Exercise requirements> An exact transcription of the lines from the one holding "Ghassan Al-masri, 22, rests" to the end of the entries below, and nothing more, is the required answer. Please omit the pictures.

Data shown>
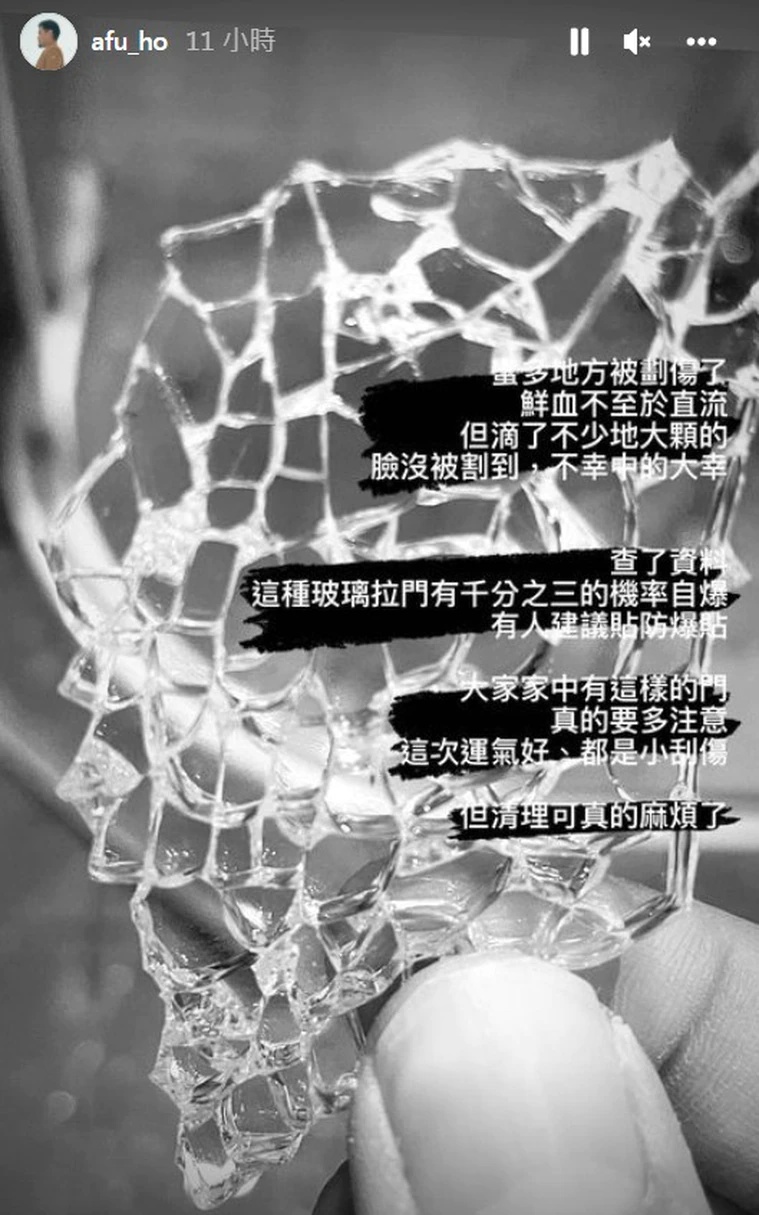 洗澡时玻璃门爆裂!鱼丁糸团长身上多处割伤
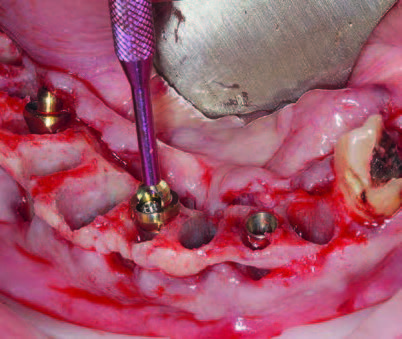 Inserierte Implantate regio 32, 42, 45 mit Multi-Unit Abutments regio 42, 45 sowie Multi-Unit Halterung regio 42.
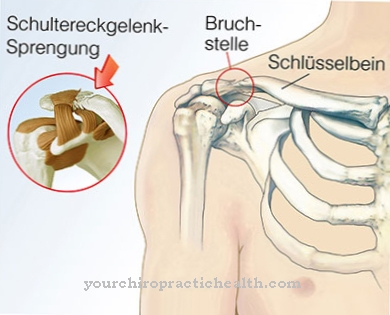 Shoulder joint dislocation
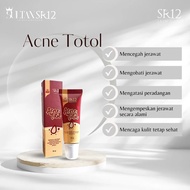 Acne Cream Acne Totol Acne Cream Acne Removal Cream Acne Cleanser Acne Medicine Cream Acne and Black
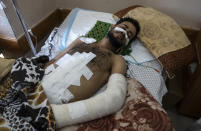 Ghassan Al-masri, 22, rests at the Shifa hospital in Gaza City, Thursday, May 13, 2021, where he is receiving treatment for wounds caused by a May 10 Israeli strike that hit a nearby his family house in town of Beit Hanoun. Just weeks ago, the Gaza Strip’s feeble health care system was struggling with a runaway surge of coronavirus cases. Now doctors across the crowded coastal enclave are trying to keep up with a very different crisis: blast and shrapnel wounds, cuts and amputations. (AP Photo/Khalil Hamra)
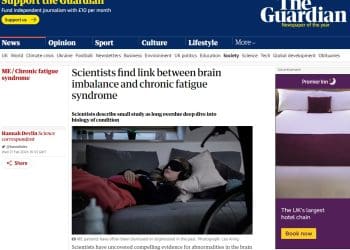 ME long Covid Guardian report on NIH study plus REGAIN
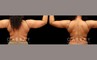 Procedures Depicted:  Arm lipo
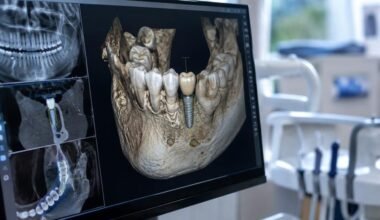 guided and robotic dental implants in greenacres, questions to ask before treatment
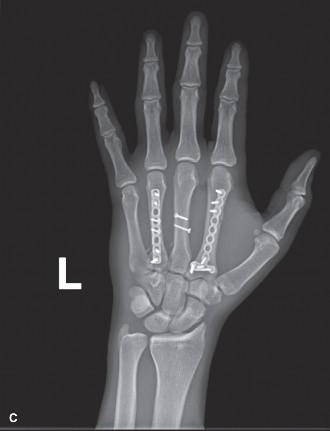 Illustration 2 for Open Reduction for Multiple Metacarpal Fractures: Case Review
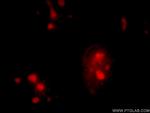 SPIN1 Antibody in Immunocytochemistry (ICC/IF)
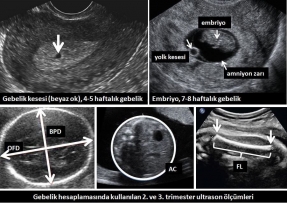 Gebelik Hesaplama Ultrason CRL BPD AC FL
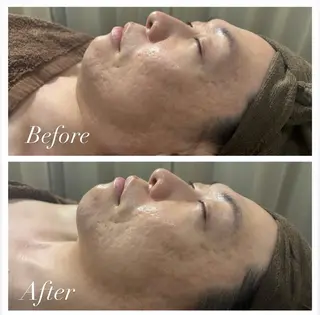 HAKUBI フェイシャルサロンのエステ・リラクイメージ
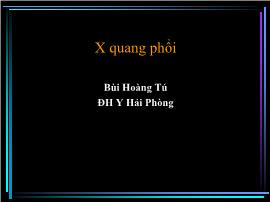 X quang phổi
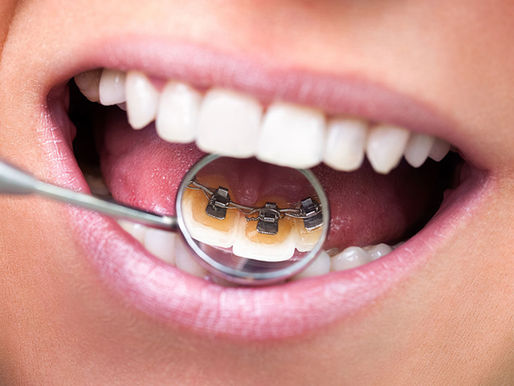 Lingual Braces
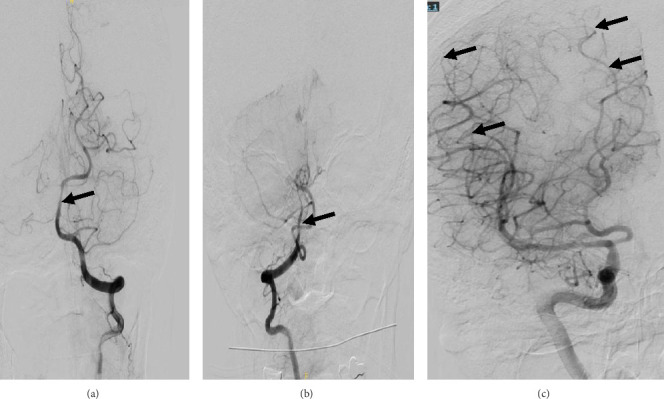 Presumed Cerebral Vasculitis Following Pneumococcal Meningitis: A Rare but Life-Threatening Complication.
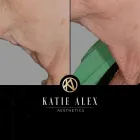 Business 1 image KATIE ALEX AESTHETICS Private Clinics in Altrincham Ch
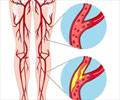 Peripheral Artery Disease (PAD) - Causes, Symptoms, Diagnosis, Treatment & Prevention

Answer to the problem>
 Ghassan Al-masri, 22, rests at the Shifa hospital in Gaza City, Thursday, May 13, 2021, where he is receiving treatment for wounds caused by a May 10 Israeli strike that hit a nearby his family house in town of Beit Hanoun. Just weeks ago, the Gaza Strip’s feeble health care system was struggling with a runaway surge of coronavirus cases. Now doctors across the crowded coastal enclave are trying to keep up with a very different crisis: blast and shrapnel wounds, cuts and amputations. (AP Photo/Khalil Hamra)
 ME long Covid Guardian report on NIH study plus REGAIN
 Procedures Depicted:  Arm lipo
 guided and robotic dental implants in greenacres, questions to ask before treatment
 Illustration 2 for Open Reduction for Multiple Metacarpal Fractures: Case Review
 SPIN1 Antibody in Immunocytochemistry (ICC/IF)
 Gebelik Hesaplama Ultrason CRL BPD AC FL
 HAKUBI フェイシャルサロンのエステ・リラクイメージ
 X quang phổi
 Lingual Braces
 Presumed Cerebral Vasculitis Following Pneumococcal Meningitis: A Rare but Life-Threatening Complication.
 Business 1 image KATIE ALEX AESTHETICS Private Clinics in Altrincham Ch
 Peripheral Artery Disease (PAD) - Causes, Symptoms, Diagnosis, Treatment & Prevention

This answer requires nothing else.